L’apparence graphique de Flying John, comme celle de l’ensemble des personnages de Rhapsody in Blue, s’inspire de l’œuvre incontournable de l’illustrateur Al Hirschfeld. Né à Saint-Louis le 21 juin 1903, l’artiste suit les cours de l’Art Students League de New York. Passant durant son cursus par Paris et Londres où il apprend la peinture, le dessin et la sculpture, il est repéré en 1924 par la rédaction du New York Herald Tribune grâce à l’entremise de son ami l’attaché de presse Richard Maney. Publiée dans le New York Times et dans des dizaines d’autres journaux et revues, l’œuvre d’Hirschfeld se distingue par son style inimitable et l’usage de lignes épurées tracées à l’encre noire avec une plume de corbeau taillée par ses soins. Durant sa carrière longue de près de quatre-vingts ans, le dessinateur a ainsi croqué les plus grandes célébrités du XXe siècle. Outre Rhapsody in Blue, son style a inspiré Eric Goldberg au moment d’animer le Génie d’Aladdin. Honoré par la Medal of Art remise par la National Endowment of the Arts, par le National Medal of Arts et par une étoile sur le St. Louis Walk of Fame, Al Hirschfeld est mort le 20 janvier 2003. Une partie de son œuvre est exposée au Metropolitan Museum of Art et au Museum of Modern Art de New York et au sein de l’Université d’Harvard.

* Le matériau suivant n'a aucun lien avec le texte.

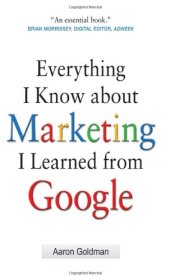 book Everything I Know about Marketing I Learned From Google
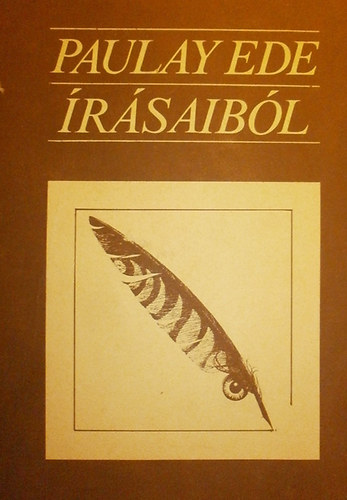 Sz�kely Gy�rgy (szerk.) - Paulay Ede �r�saib�l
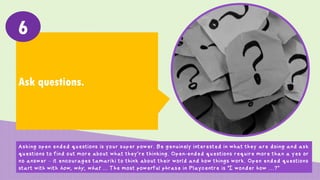 Ask questions.
6
Asking open ended questions is your super power. Be genuinely interested in what they are doing and ask
questions to find out more about what they’re thinking. Open-ended questions require more than a yes or
no answer – it encourages tamariki to think about their world and how things work. Open ended questions
start with with how, why, what … The most powerful phrase in Playcentre is “I wonder how …?”
 
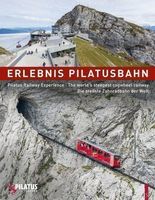 AS Verlag - Erlebnis Pilatusbahn - Neuware foliert!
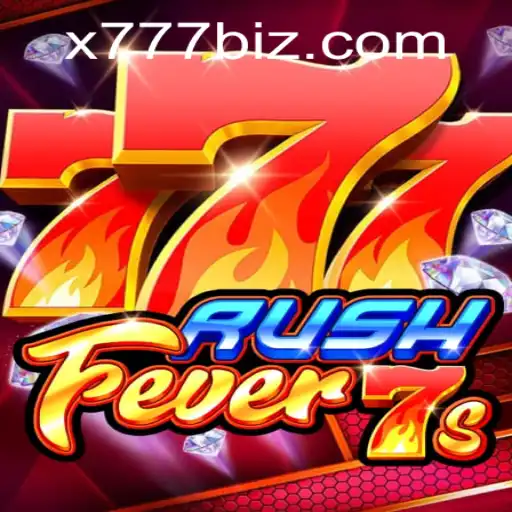 RushFever7s: An Exciting New Journey in the Gaming World with X777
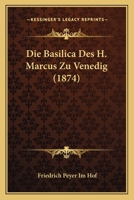 Die Basilica Des H. Marcus Zu Venedig (1874) 1278271252 Book Cover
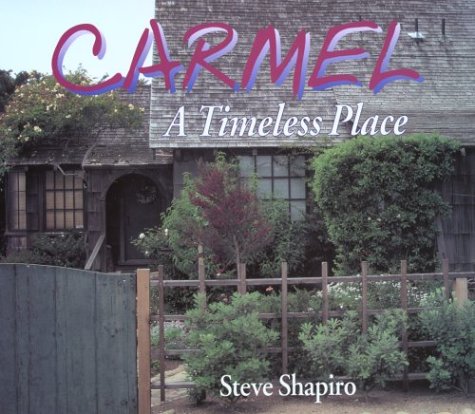 Carmel : A Timeless Place,Used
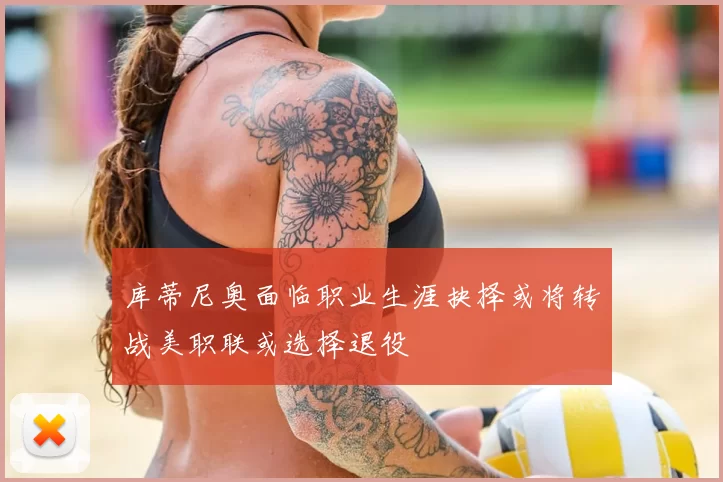 库蒂尼奥面临职业生涯抉择或将转战美职联或选择退役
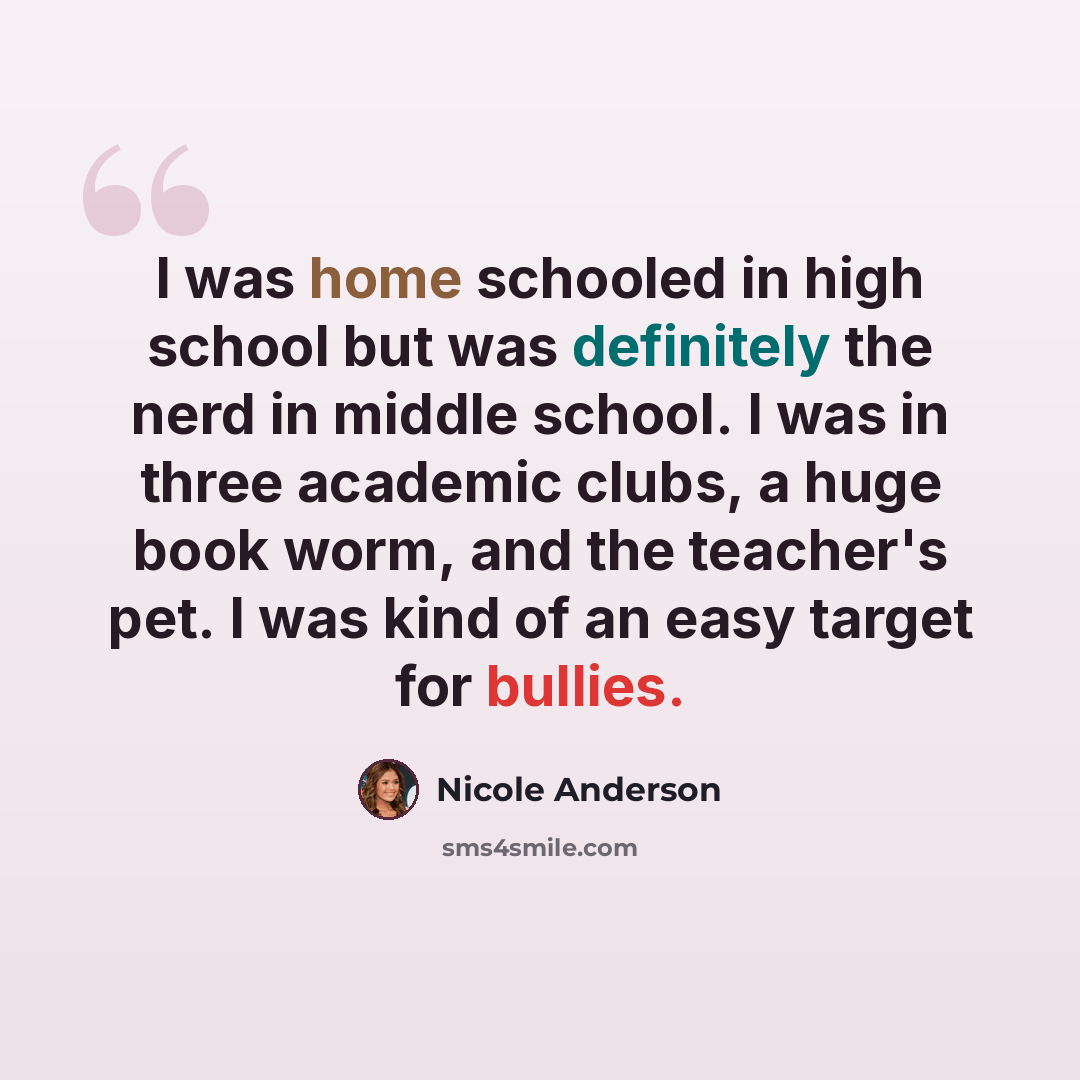 “I was home schooled in high school but was definitely the nerd in middle school. I was in three academic clubs, a huge book worm, and the teacher's pet. I was kind of an easy target for bullies.” quote by Nicole Anderson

Pour concevoir le personnage de Flying John, Eric Goldberg s’est notamment inspiré du journaliste et écrivain John Culhane. Né le 7 février 1934 à Rockford, dans l’Illinois, l’auteur se passionne très tôt pour le cinéma d’animation. Élève de l’Université de Saint-Louis, il accomplit l’un de ses rêves les plus chers grâce à Diane Disney qui lui permet de rencontrer son père Walt un jour d’août 1951. Son diplôme en poche, il devient journaliste et travaille pour divers titres de presse. Spécialiste de l’œuvre de Disney, il rencontre fréquemment les pionniers parmi lesquels Milt Kahl qui s’inspire de lui pour dessiner Monsieur Snoops, l’acolyte de Madame Médusa dans Les Aventures de Bernard et Bianca. Auteur de nombreux ouvrages, Culhane signe notamment un livre sur la conception de Fantasia ainsi que l’art-of de sa suite, Fantasia/2000: Visions of Hope. Intervenant régulier dans les making-of des films de Disney, il décède le 30 juillet 2015 à l’âge de quatre-vingt-un ans.
En 2023, les Walt Disney Animation Studios célèbrent en grande pompe leur centième anniversaire avec Il Était une Fois un Studio, un court-métrage spécial dans lequel sont exceptionnellement rassemblés des centaines de personnages Disney d’hier et d’aujourd’hui.
Il Était une Fois un Studio
Flying John est notamment de la partie et figure sur la grande et belle photo de famille prise sur l’esplanade du Roy E. Disney Animation Building.
Personnage truculent et amusant, John fait partie de ces personnages épris de liberté qui continuent de véhiculer cette belle dose d’optimisme et de joie si présente dans l’œuvre de Disney.